⟨

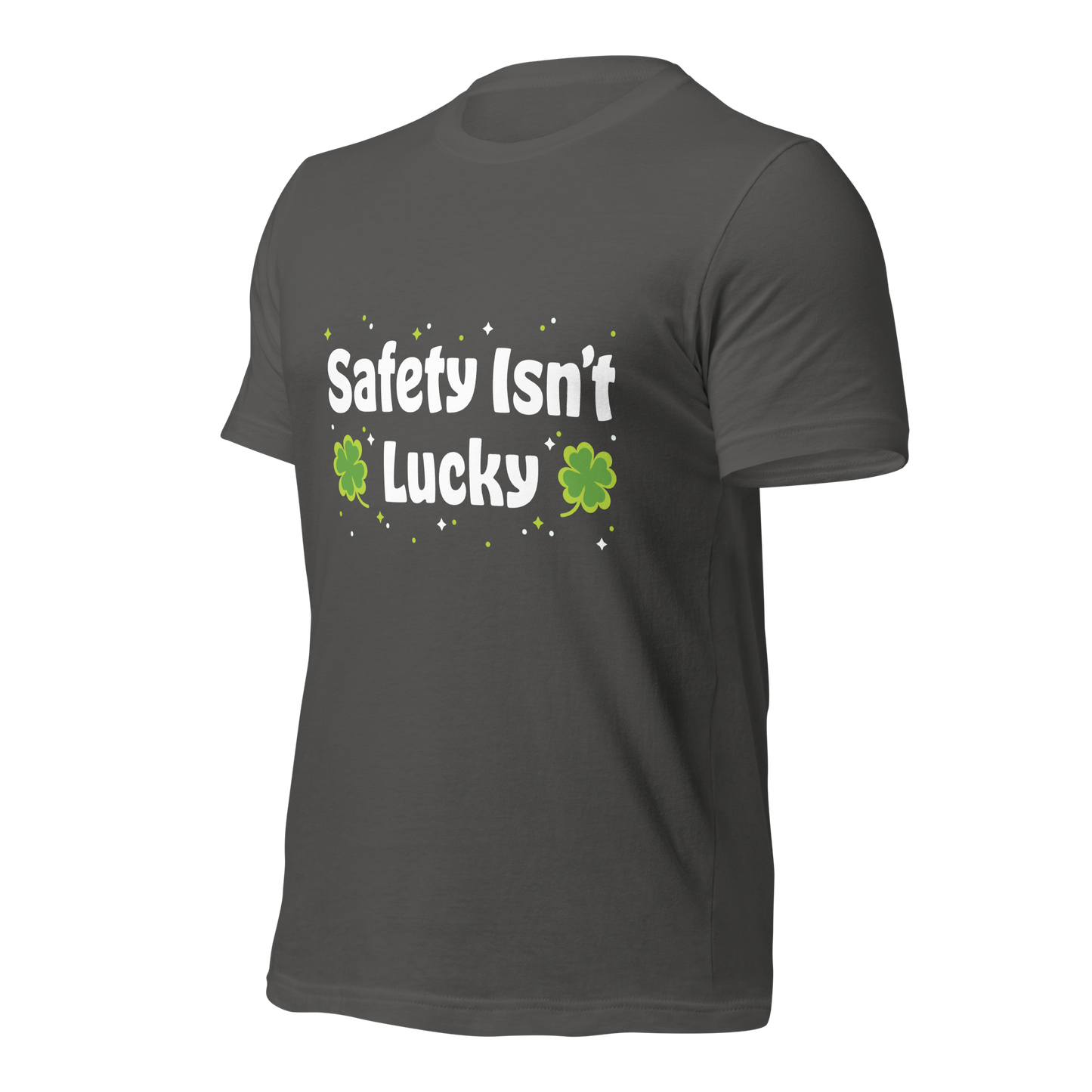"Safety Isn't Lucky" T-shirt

⟩
⟨

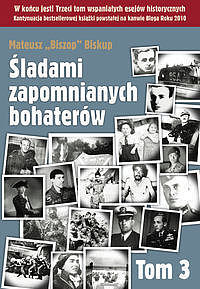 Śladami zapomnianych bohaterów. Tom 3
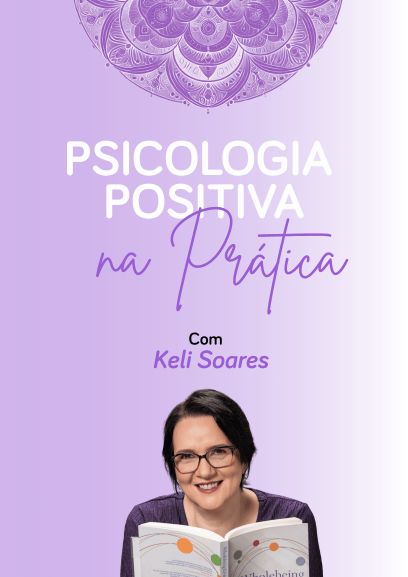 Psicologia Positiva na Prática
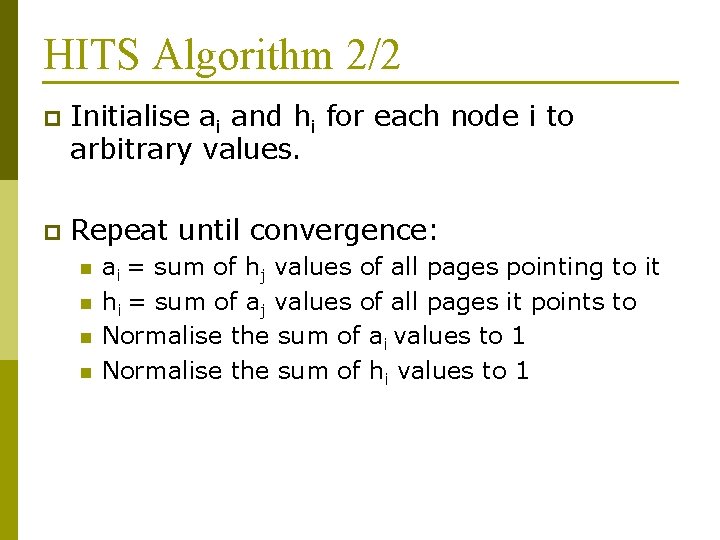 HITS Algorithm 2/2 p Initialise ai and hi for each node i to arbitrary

⟩
⟨

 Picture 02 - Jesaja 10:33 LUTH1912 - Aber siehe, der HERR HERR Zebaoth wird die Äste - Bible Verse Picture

⟩

Lines from the one above containing "Psicologia Positiva na Prática" down to the one containing "HITS Algorithm 2/2" should be transcribed exactly, with both ends kept and no pictures.

**Solved problem:**
 Psicologia Positiva na Prática
 HITS Algorithm 2/2 p Initialise ai and hi for each node i to arbitrary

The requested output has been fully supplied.